Socket-level programming isn't our first choice for solving
client-server problems. Sockets are nicely supported by Python, however,
giving us a way to create a new protocol when the vast collection of
existing internetworking protocols are inadequate.
Client-server applications include a client-side program, a
server, a connection and a protocol for communication betweem the two
processes. One of the most popular and enduring suite of client-server
protocols is based on the Internetworking protocol: TCP/IP. For more
information in TCP/IP, see Internetworking with
TCP/IP [Comer95].
All of the TCP/IP protocols are based on the basic
socket. A socket is a handy metaphor for the way
that the Transport Control Protocol (TCP) reliably moves a stream of
bytes between two processes.
The socket
module includes a number of
functions to create and connect sockets. Once connected, a socket
behaves essentially like a file: it can be read from and written to.

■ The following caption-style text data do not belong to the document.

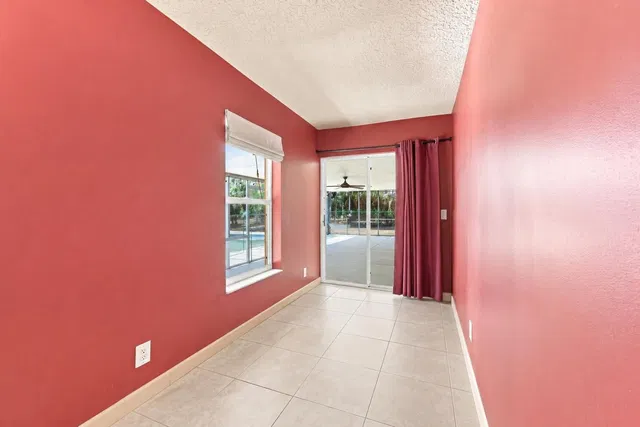 Residence photo 44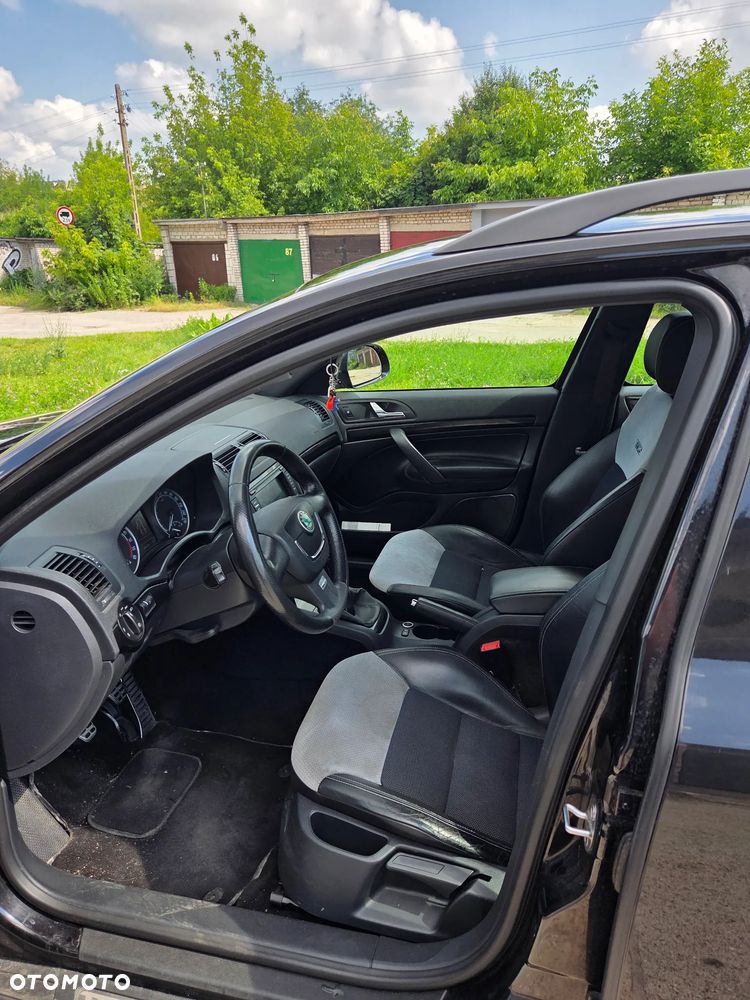 Skoda Octavia 2.0 TDI CR DPF RS - 8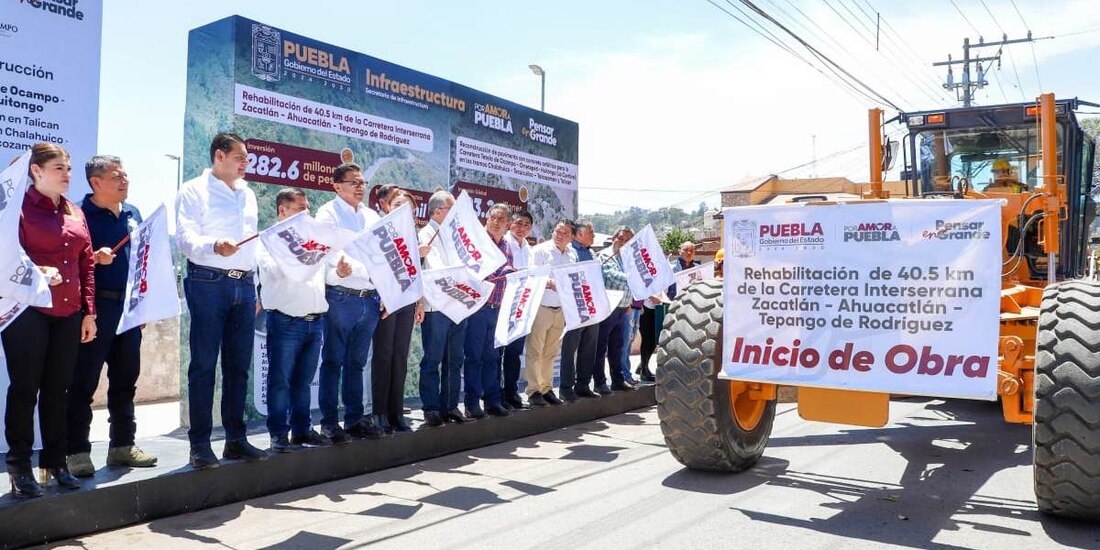 Alejandro Armenta da inicio a rehabilitación de la Carretera Interserrana en Puebla.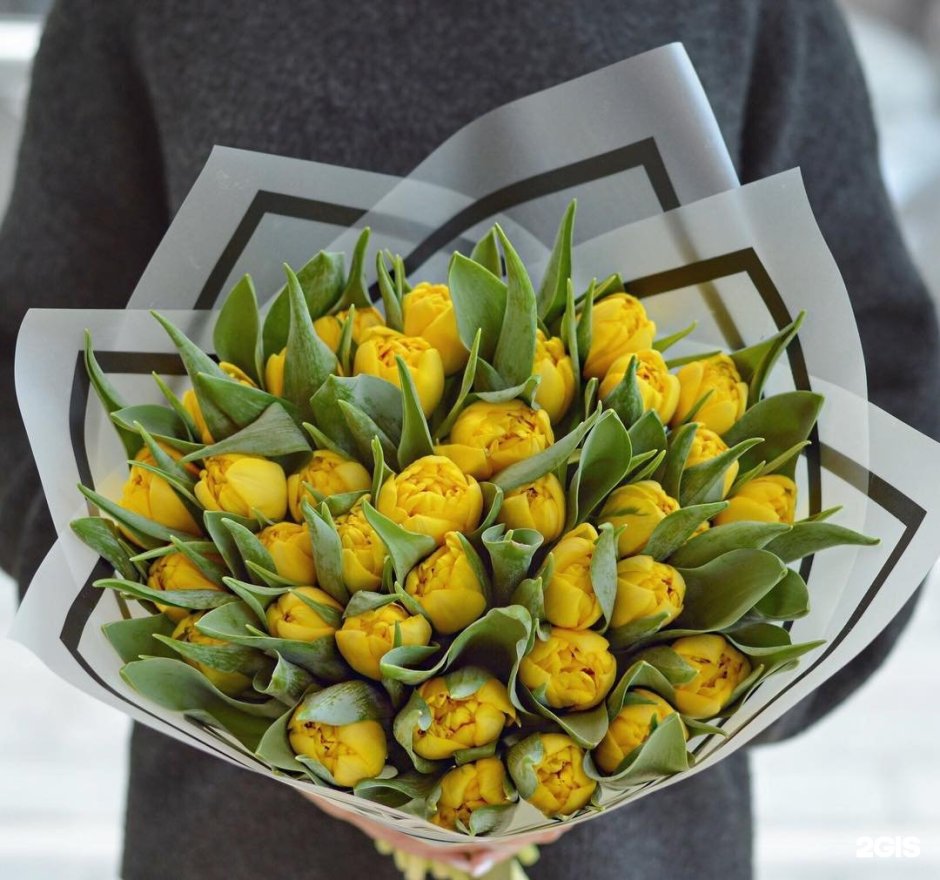 Букет желтых пионовидных тюльпанов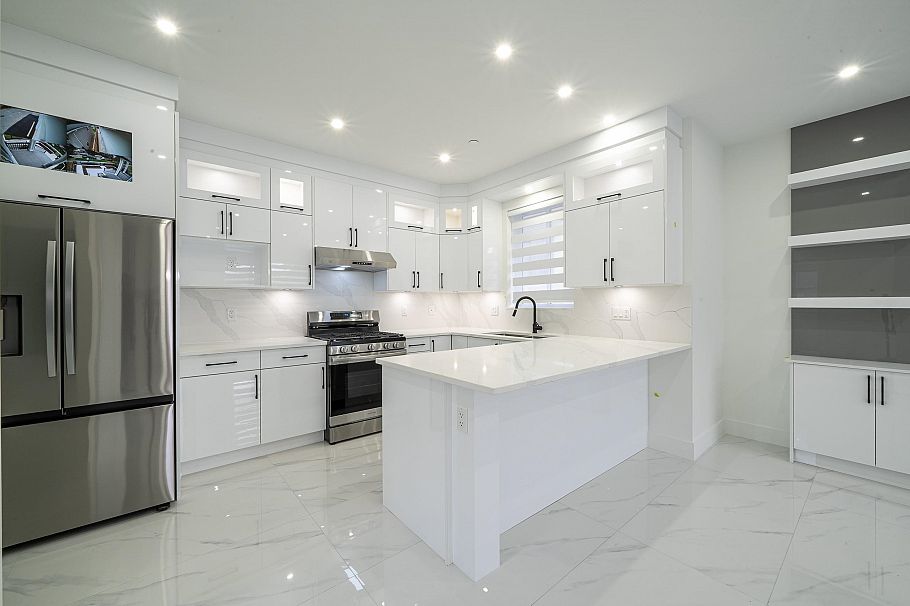 2172 E 46th Avenue Vancouver, BC - 6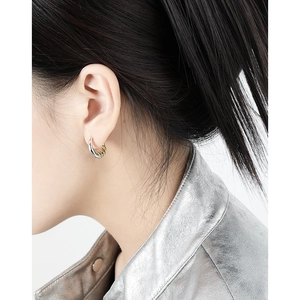 Minimalist S925 sterling silver C-shaped hoop earrings with gold and silver interlaced design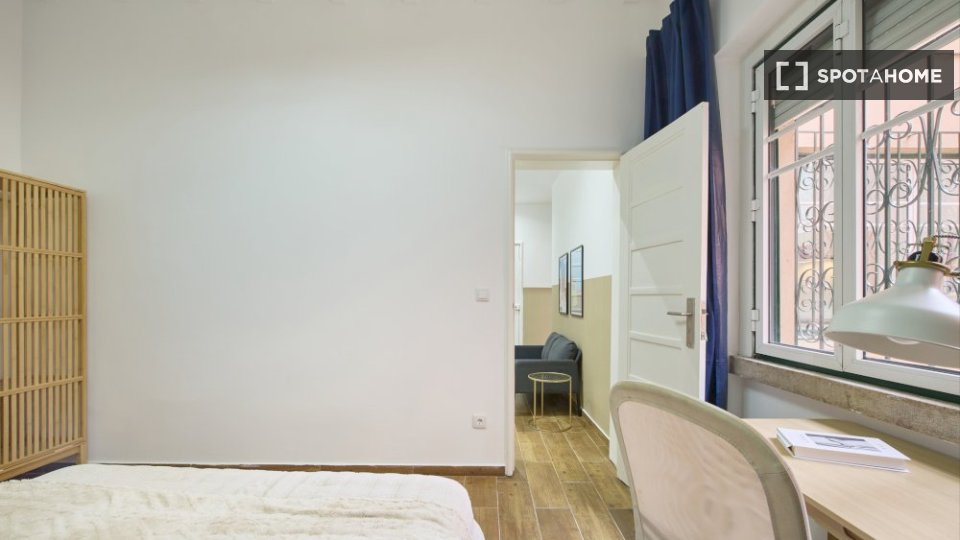 Double room Lisbon, 3 beds — photo 14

When we are finished with a socket, we can close it, releasing the
network resources that were tied up by our processing.
When a client application communicates with a server, the client
does three things: it establishes the connection, it sends the request
and it reads the reply from the server. For some client-server
relationships, like a databsae server, there may be multiple requests
and replies. For other client-server requests, for example, the HTTP
protocol, a single request may involve a number of replies.
To establish a connection, the client needs two basic facts
about the server: the IP address and a port number. The IP address
identifies the specific computer (or host) that will handle the
request. The port number identifies the application program that will
process the request on that host. A typical host will respond to
requests on numerous ports. The port numbers prevent requests from
being sent to the wrong application program. Port numbers are defined
by several standards. Examples include FTP (port 21) and HTTP (port
80).
A client program makes requests to a server by using the
following outline of processing.
-
Develop the server's address. Fundamentally, an IP address is a 32-bit host number and a
16-bit port number. Since these are difficult to manage, a
variety of coding schemes are used. In Python, an address is a
2-tuple with a string and a number. The string representes the
IP address in dotted notation
("194.109.137.226"
) or as a domain name
("www.python.org"
); the number is the port
number from 0 to 65535.
-
Create a socket and connect it to this address. This is a series of function calls to the
socket
module. When this is complete, the
socket is connected to the remote IP address and port and the
server has accepted the connection.
-
Send the request. Many of the standard TCP/IP protocols expect the commands
to be sent as strings of text, terminated with the
\n
character. Often a Python file object is
created from the socket so that the complete set of file method
functions for reading and writing are available.
-
Read the reply. Many of the standard protocols will respond with a 3-digit
numeric code indicating the status of the request. We'll review
some common variations on these codes, below.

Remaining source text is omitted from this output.